A
male
age
41-50,
anonymous
writes: Well, I was with my now ex for a little over 3 years before we split. We split last year for 4 months an got back together. This time its been a year an I have been patient with her. We broke up for stupid reasons an in the beginning we would talk and then she would curse me out. I did the same an eventually I let go. We had a talk an she told me she never stopped loving me. I blew it off until our son was sick one night an she had plans to go out an her mom wouldn't watch him. So she asked to sleep at my house w him when I get off work. So they came and he was fine. She told me she didn't love me an then wouldn't leave the next day until I left for work. It went on for a few weeks until she said shes been playing the field but hasn't slept w anyone or taken my son near any guys.

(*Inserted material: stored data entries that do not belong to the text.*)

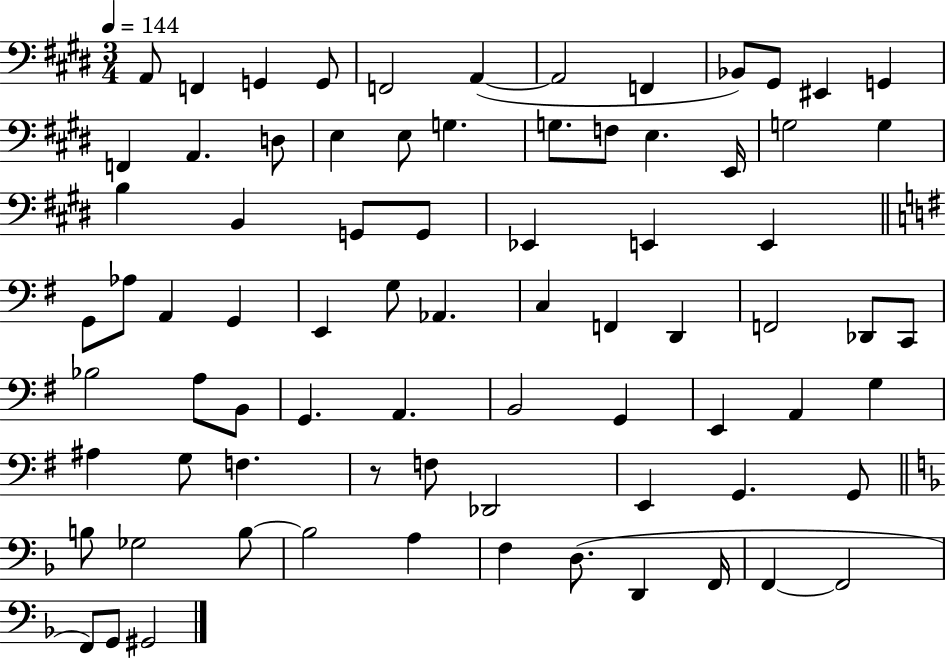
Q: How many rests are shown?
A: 1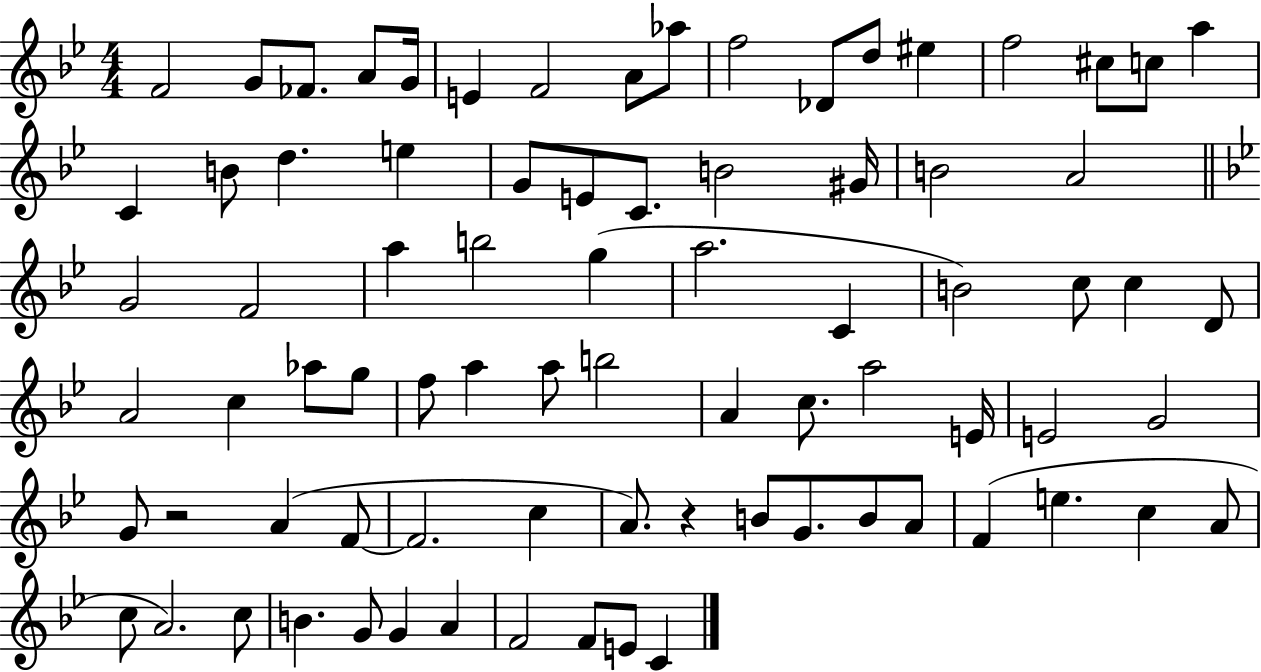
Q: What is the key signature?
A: BES major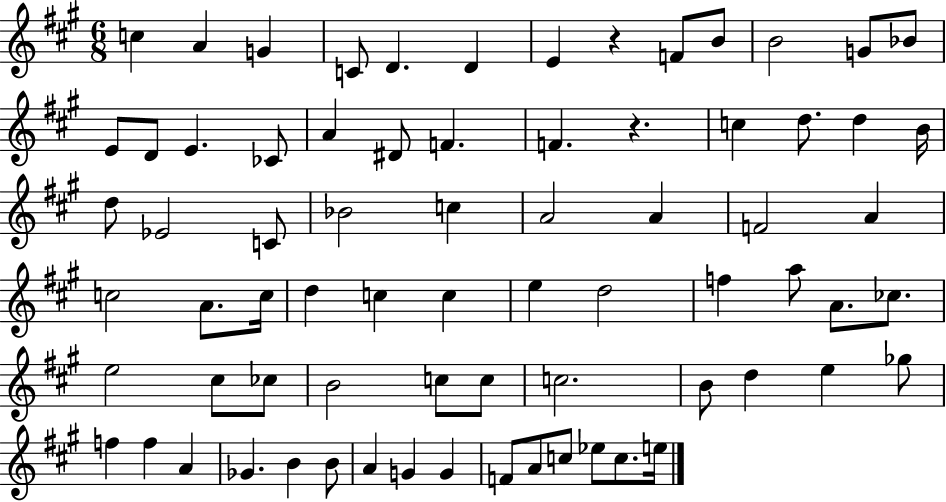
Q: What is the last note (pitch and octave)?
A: E5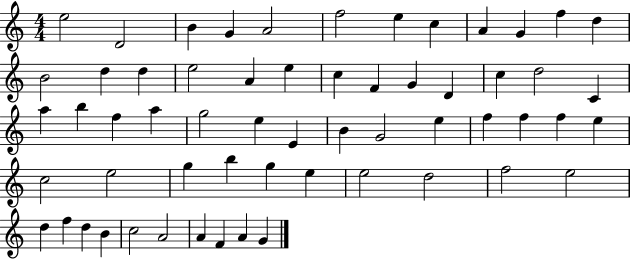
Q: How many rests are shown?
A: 0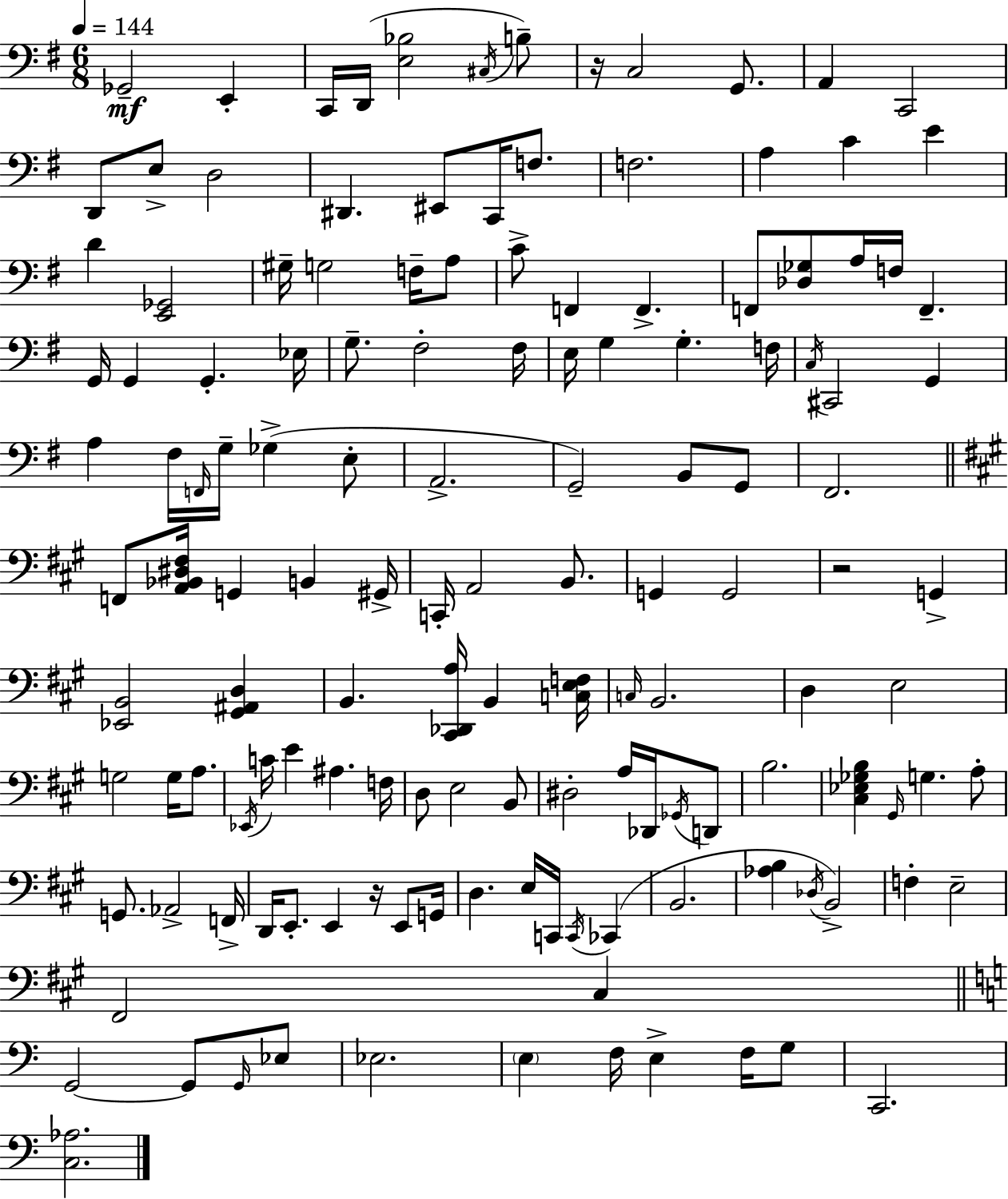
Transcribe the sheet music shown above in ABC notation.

X:1
T:Untitled
M:6/8
L:1/4
K:Em
_G,,2 E,, C,,/4 D,,/4 [E,_B,]2 ^C,/4 B,/2 z/4 C,2 G,,/2 A,, C,,2 D,,/2 E,/2 D,2 ^D,, ^E,,/2 C,,/4 F,/2 F,2 A, C E D [E,,_G,,]2 ^G,/4 G,2 F,/4 A,/2 C/2 F,, F,, F,,/2 [_D,_G,]/2 A,/4 F,/4 F,, G,,/4 G,, G,, _E,/4 G,/2 ^F,2 ^F,/4 E,/4 G, G, F,/4 C,/4 ^C,,2 G,, A, ^F,/4 F,,/4 G,/4 _G, E,/2 A,,2 G,,2 B,,/2 G,,/2 ^F,,2 F,,/2 [A,,_B,,^D,^F,]/4 G,, B,, ^G,,/4 C,,/4 A,,2 B,,/2 G,, G,,2 z2 G,, [_E,,B,,]2 [^G,,^A,,D,] B,, [^C,,_D,,A,]/4 B,, [C,E,F,]/4 C,/4 B,,2 D, E,2 G,2 G,/4 A,/2 _E,,/4 C/4 E ^A, F,/4 D,/2 E,2 B,,/2 ^D,2 A,/4 _D,,/4 _G,,/4 D,,/2 B,2 [^C,_E,_G,B,] ^G,,/4 G, A,/2 G,,/2 _A,,2 F,,/4 D,,/4 E,,/2 E,, z/4 E,,/2 G,,/4 D, E,/4 C,,/4 C,,/4 _C,, B,,2 [_A,B,] _D,/4 B,,2 F, E,2 ^F,,2 ^C, G,,2 G,,/2 G,,/4 _E,/2 _E,2 E, F,/4 E, F,/4 G,/2 C,,2 [C,_A,]2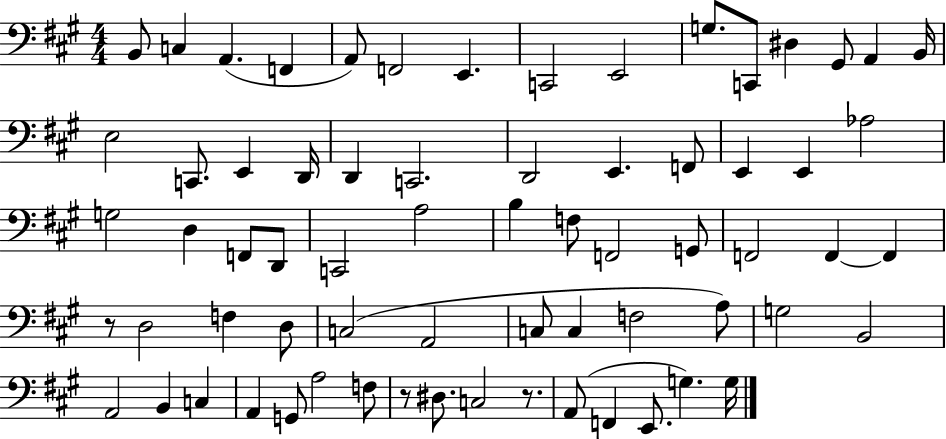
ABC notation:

X:1
T:Untitled
M:4/4
L:1/4
K:A
B,,/2 C, A,, F,, A,,/2 F,,2 E,, C,,2 E,,2 G,/2 C,,/2 ^D, ^G,,/2 A,, B,,/4 E,2 C,,/2 E,, D,,/4 D,, C,,2 D,,2 E,, F,,/2 E,, E,, _A,2 G,2 D, F,,/2 D,,/2 C,,2 A,2 B, F,/2 F,,2 G,,/2 F,,2 F,, F,, z/2 D,2 F, D,/2 C,2 A,,2 C,/2 C, F,2 A,/2 G,2 B,,2 A,,2 B,, C, A,, G,,/2 A,2 F,/2 z/2 ^D,/2 C,2 z/2 A,,/2 F,, E,,/2 G, G,/4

A few minutes later she says she only said it so I would get over her. I finally said I had enough and wont take her calls an messages about stupid things. My son told her about a bee little boy moving in. She took it as someone was moving in w me and called 3 times and then texted me asking me. I told her I didn't need to explain it but explained a girl and her son were moving in. she responded being childish saying "maybe you'll get a gf out of it". I told her to stop being childish an leave me be. So a few days pass and she comes to pick him up Bc I had to work in the morning and she tries to strike up a convo with me. I ignored her and she was trying still. So I told her to stop talking to me. She leaves with our son and a few minutes later she tells me I lied about a day off and called me names. I proved her wrong an she shut up. I know I love her. But I don't know what to think. Her family always hated me so I know they play a role. I know I'm better off without her but I would deal w it for my son. Is it normal that a year later I still entertain and remain faithful? When I tell her what I do isn't her business she gets mad and tells me to leave her alone. I haven't called or messaged her in months, only replies to her. Does she still love me? Will it be awkward to even think we could get past over a year apart?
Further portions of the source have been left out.